* [Task prompt]: Please reproduce the entries below exactly from the line with "3-氧代-3-苯基-n-[4" through their last line, leaving out any pictures.

---

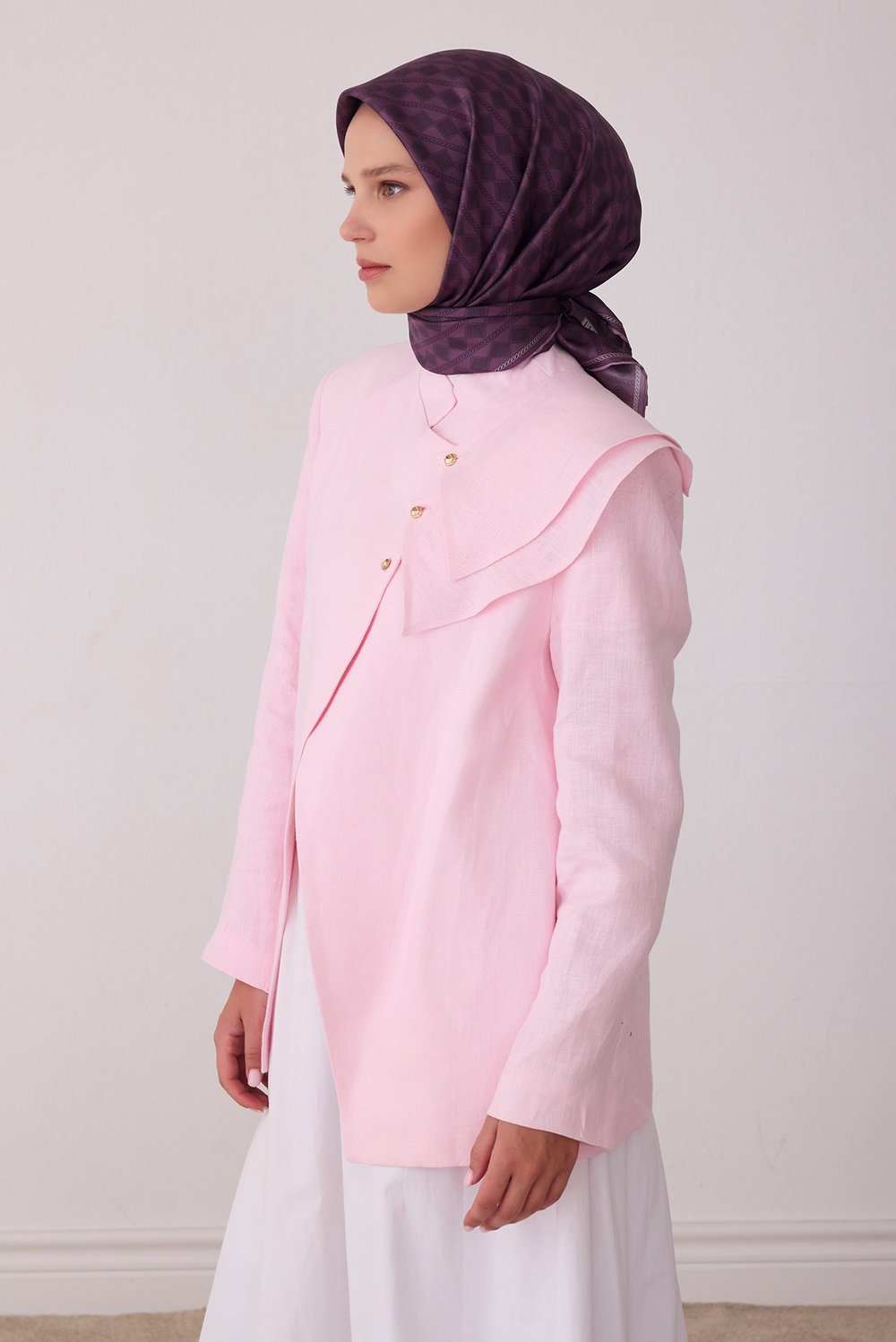 Mor Geometrik Desen %100 Twill İpek Eşarp 4425-36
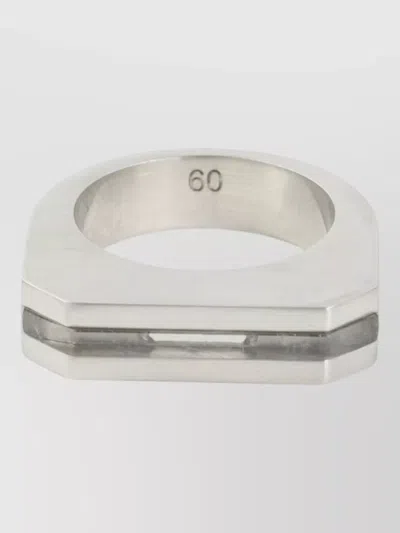 Rick Owens Crystal Ring Hollywood Two Tone Geometry In Metallic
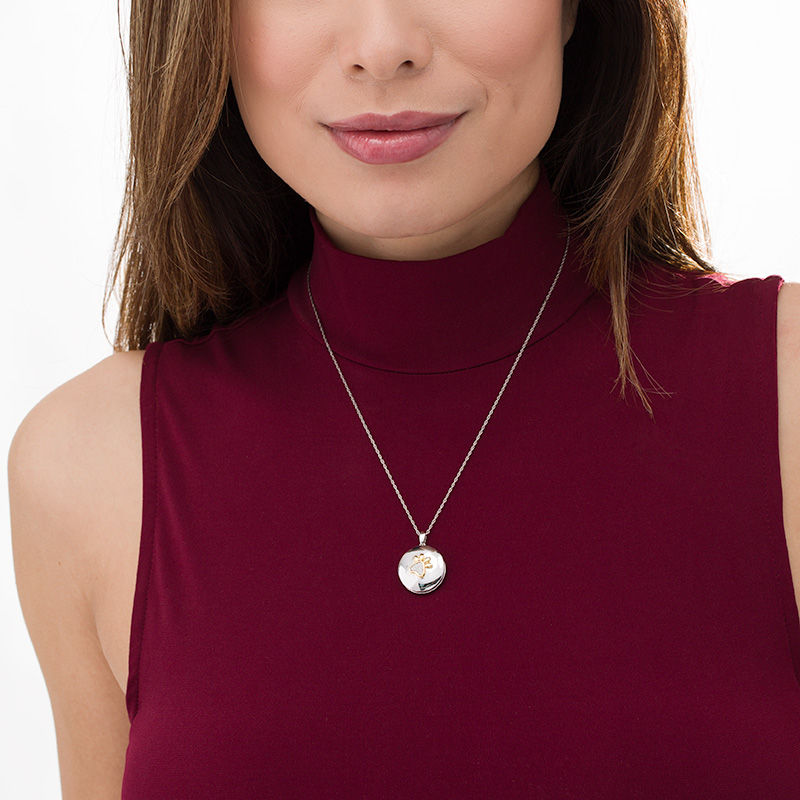 Main Image 2 of 0.04 CT. T.W Composite Diamond Round Paw Print Locket in Sterling Silver and 10K Gold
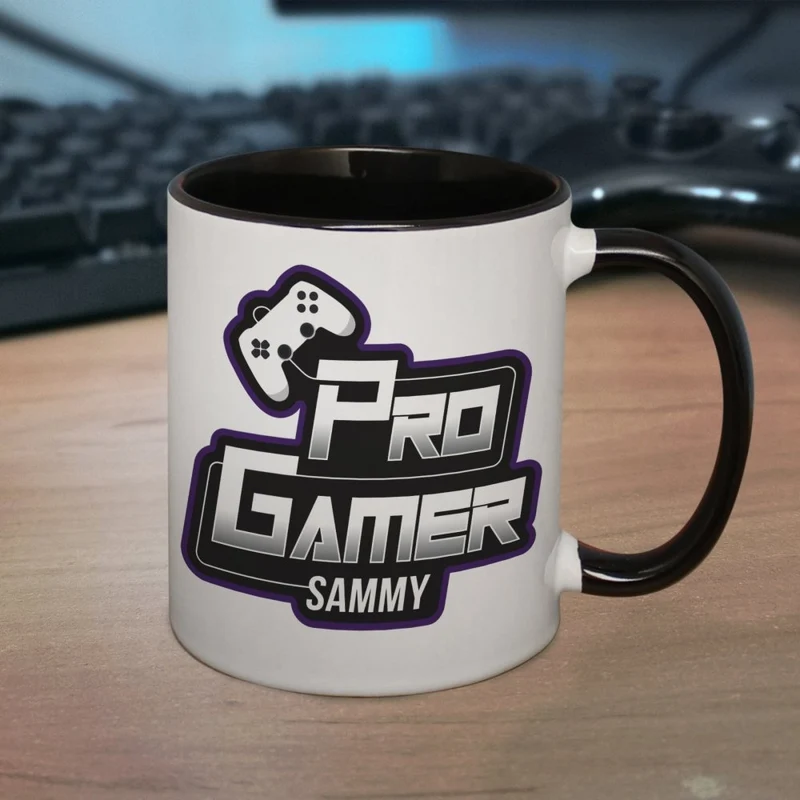 Personalised Pro Gamer Black HandLED Mug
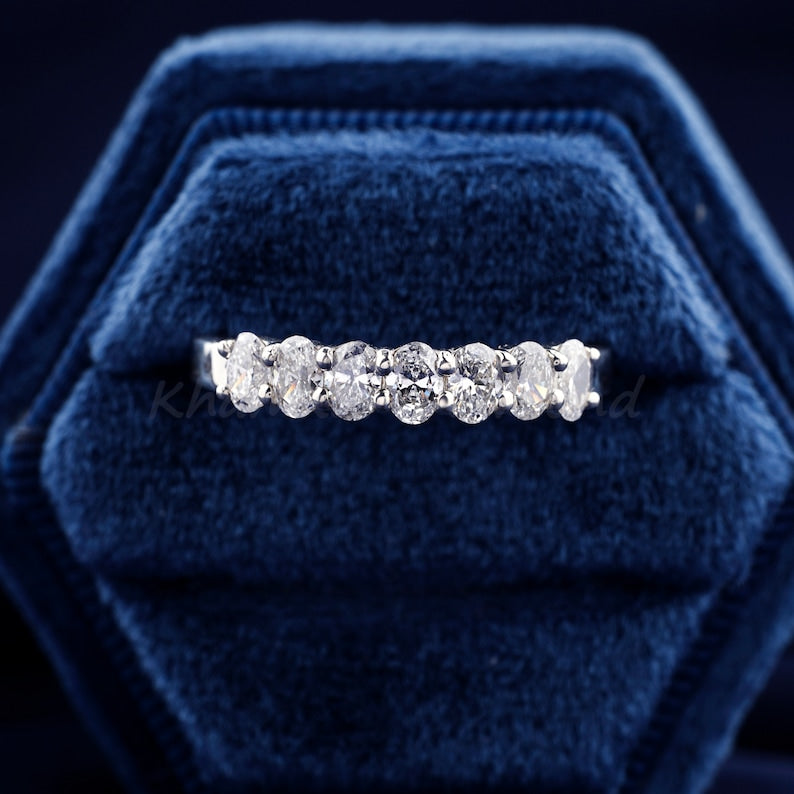 0.15 Carat Each Oval Cut Lab Grown Diamond Band,Seven Stone Gold Wedding Band,Lab Diamond Band,Anniversary Ring,Gift For Wife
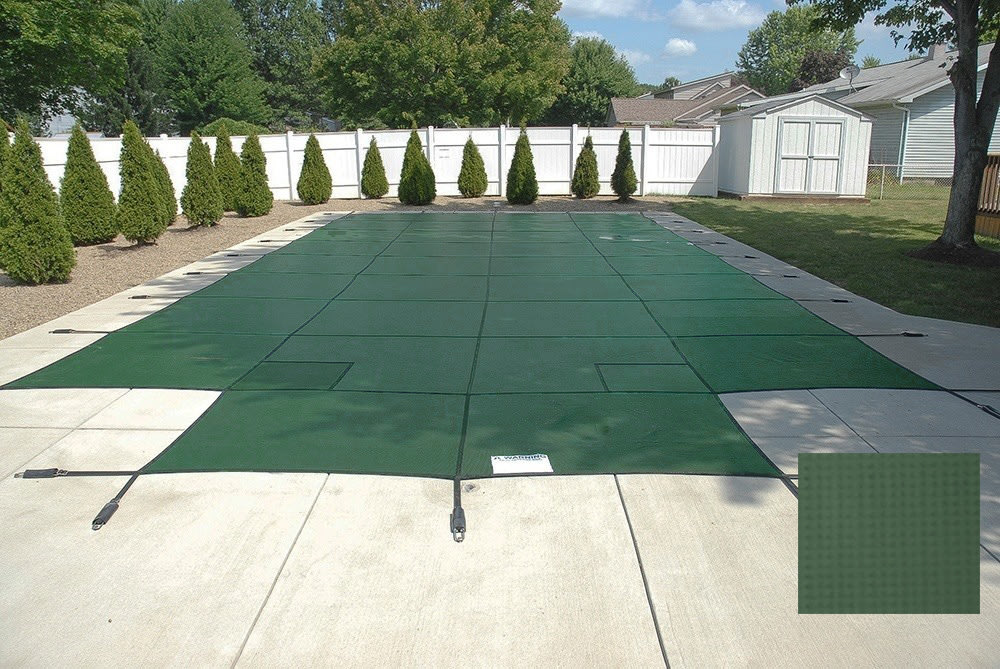 PoolTux 16'x40' Emperor Solid, Rectangle Safety Cover, Green, 20 Yr. Warranty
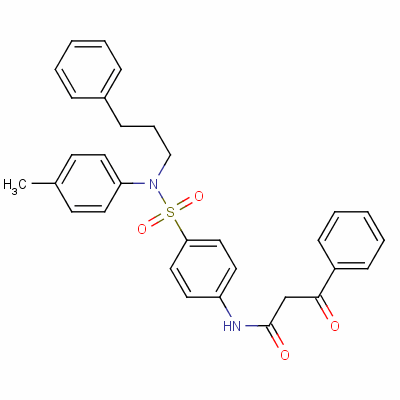 3-氧代-3-苯基-n-[4-[n-(3-苯基丙基)-n-(對甲苯)氨磺?；鵠苯基]丙酰胺結(jié)構式_38219-91-9結(jié)構式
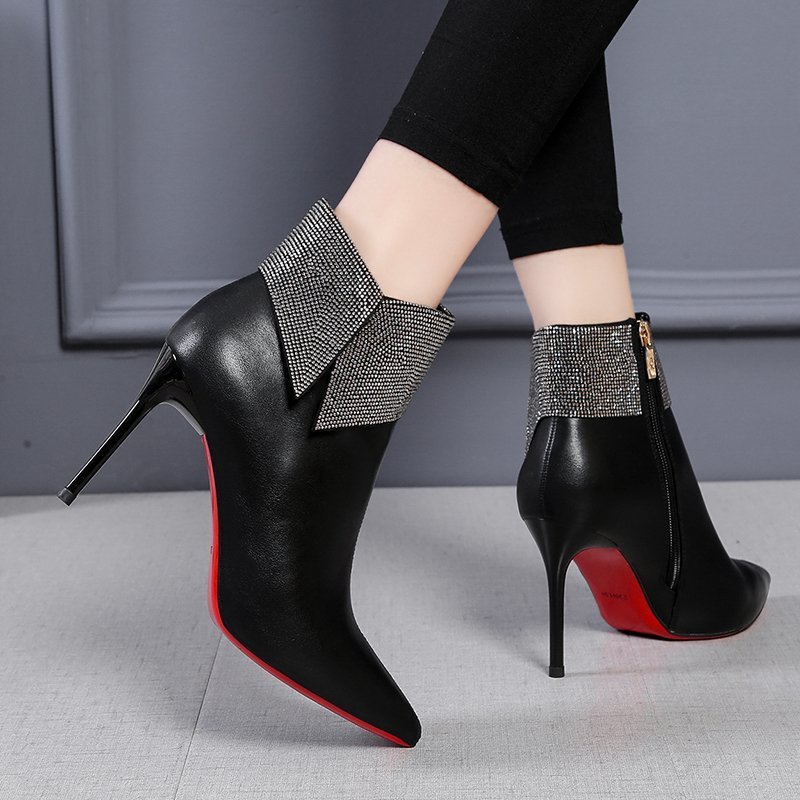 Short tube Pointed High Heels With Rhinestone Stiletto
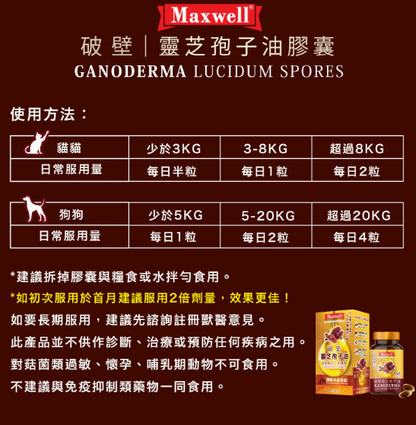 Maxwell®⎜純破壁靈芝孢子油 60粒  貓狗食用
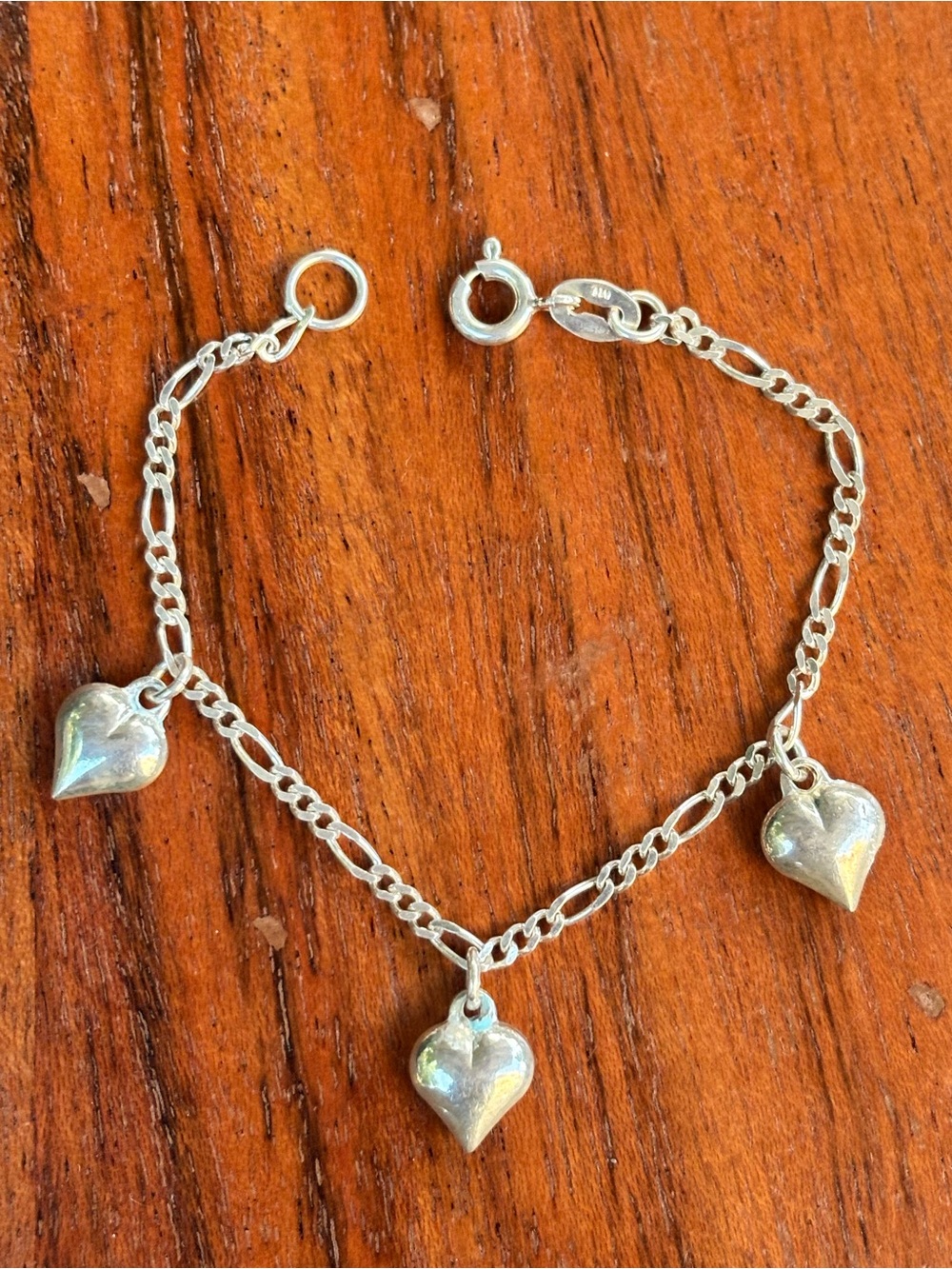Vintage 925 Sterling Silver Puffy Heart Charm Bracelet 5.5” Petite Figaro Chain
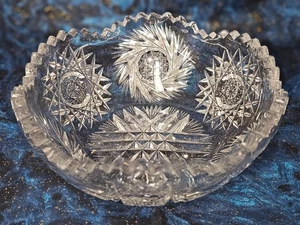 Antiguo frutero americano de vidrio corte brillante diente de sierra 8" - Imagen 1 de 3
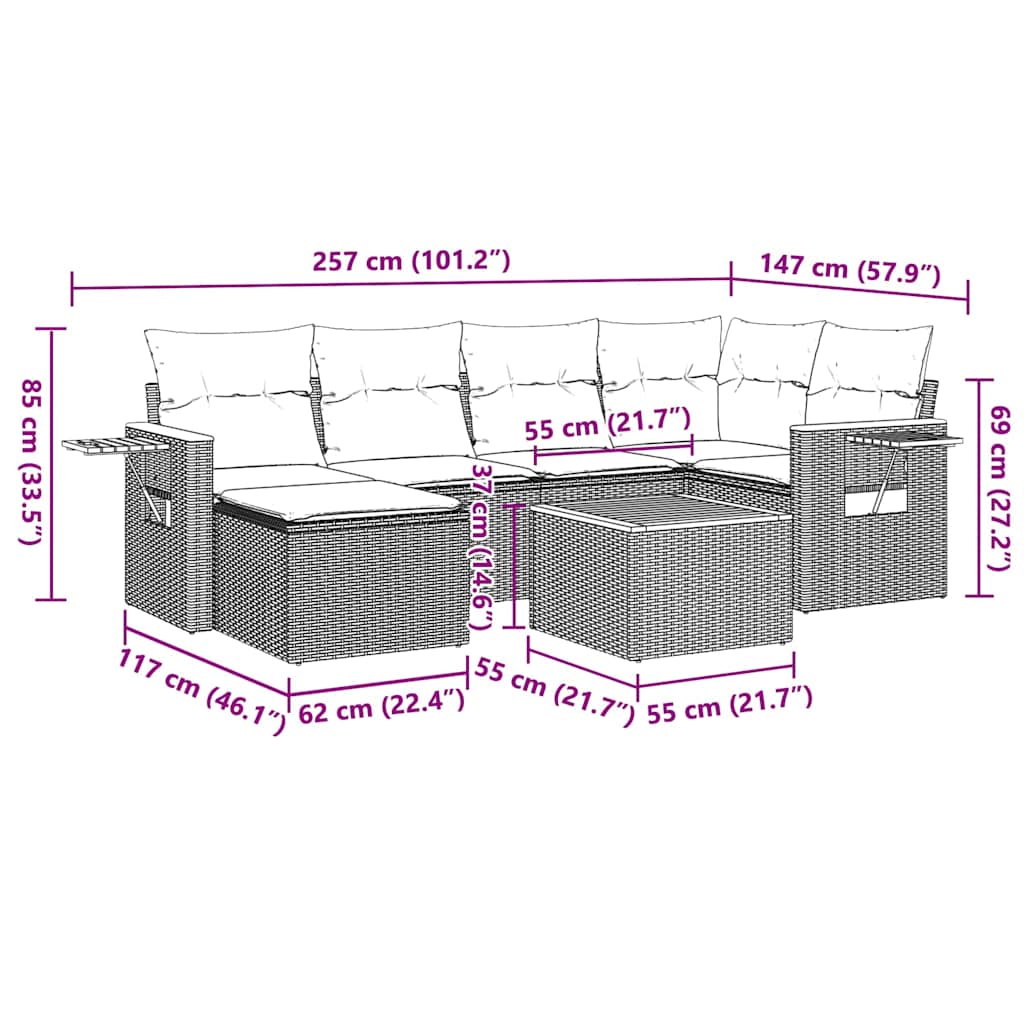 7-tlg. Garten-Sofagarnitur mit Kissen Schwarz Poly Rattan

---

* [Written answer]:
 3-氧代-3-苯基-n-[4-[n-(3-苯基丙基)-n-(對甲苯)氨磺?；鵠苯基]丙酰胺結(jié)構式_38219-91-9結(jié)構式
 Short tube Pointed High Heels With Rhinestone Stiletto
 Maxwell®⎜純破壁靈芝孢子油 60粒  貓狗食用
Vintage 925 Sterling Silver Puffy Heart Charm Bracelet 5.5” Petite Figaro Chain
 Antiguo frutero americano de vidrio corte brillante diente de sierra 8" - Imagen 1 de 3
 7-tlg. Garten-Sofagarnitur mit Kissen Schwarz Poly Rattan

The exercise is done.